Friday morning, Bynum said a flyover gave him a new perspective on the flood control measures built across Tulsa through the years.
“The main thing that stands out to me in looking at that is tremendous gratitude for the people that came before us in decades past who fought to build the levee system we have that is working the way it’s supposed to,” Bynum said. “(They) thought to utilize our River Parks network as a buffer for flooding events between the river corridor and the built environment of the city; and the River Parks are serving that purpose right now.”
Although officials believed the planned water release from Keystone would be enough through Sunday, that plan depends on weather.
Storms that produced flash flood warnings developed west of Tulsa on Friday night and moved eastward. A flash flood watch is in effect until 7 p.m. Wednesday for Tulsa, Craig, Creek, Nowata, Osage, Pawnee, Rogers and Washington counties.

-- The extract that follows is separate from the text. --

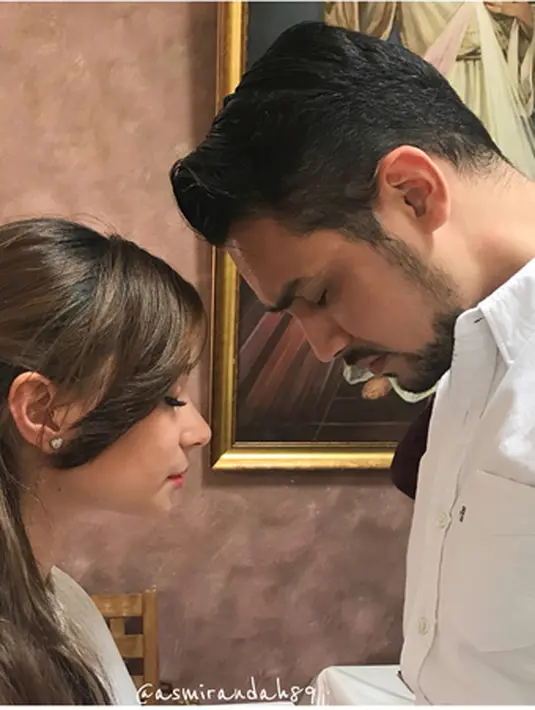 "Gereja pernikahan di cana di Galilea" tulisnya dalam foto berikutnya. Kedua pasangan ini terlihat berpelukan dengan masih menggunakan kemeja putih. Setelah acara tersebut, beberapa foto ciuman juga dibagikan. (Instagram/asmirandah89)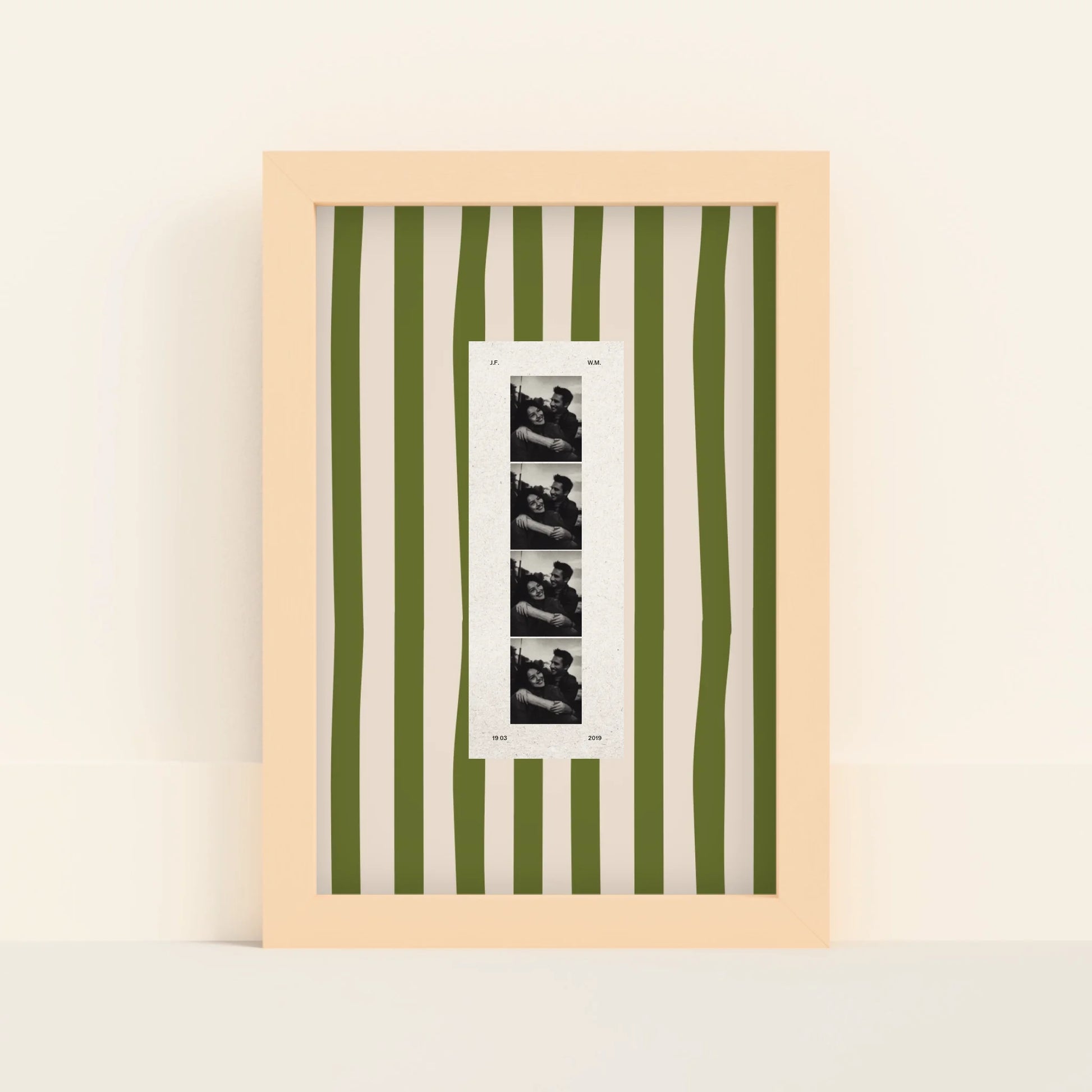 Mockup-Framed-Wood-2030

U.S. Sen. James Lankford said during the news conference that Keystone Dam is working as designed but what happens next depends on the weather.
“We need to right now pray for no rain,” Lankford said. “And we need to stay out of the water.”
The problematic forecast is why officials want the public to remain aware.
Kralicek said the Tulsa Area Emergency Management Agency has prepared for the possibility of a release of more than 300,000 cubic feet per second from the Keystone Dam. Outflow from the dam was at 255,000 cfs Friday night and inflow had dropped from nearly 320,000 at its peak to 240,000.
“We planned for the flood of record, which is 307,000 cubic feet per second,” Kralicek said. “We’re well below our established plan where we’re at right now. Rest assured, even if the water comes up a bit, we are ready to act. The community at large, we have been preparing for this.”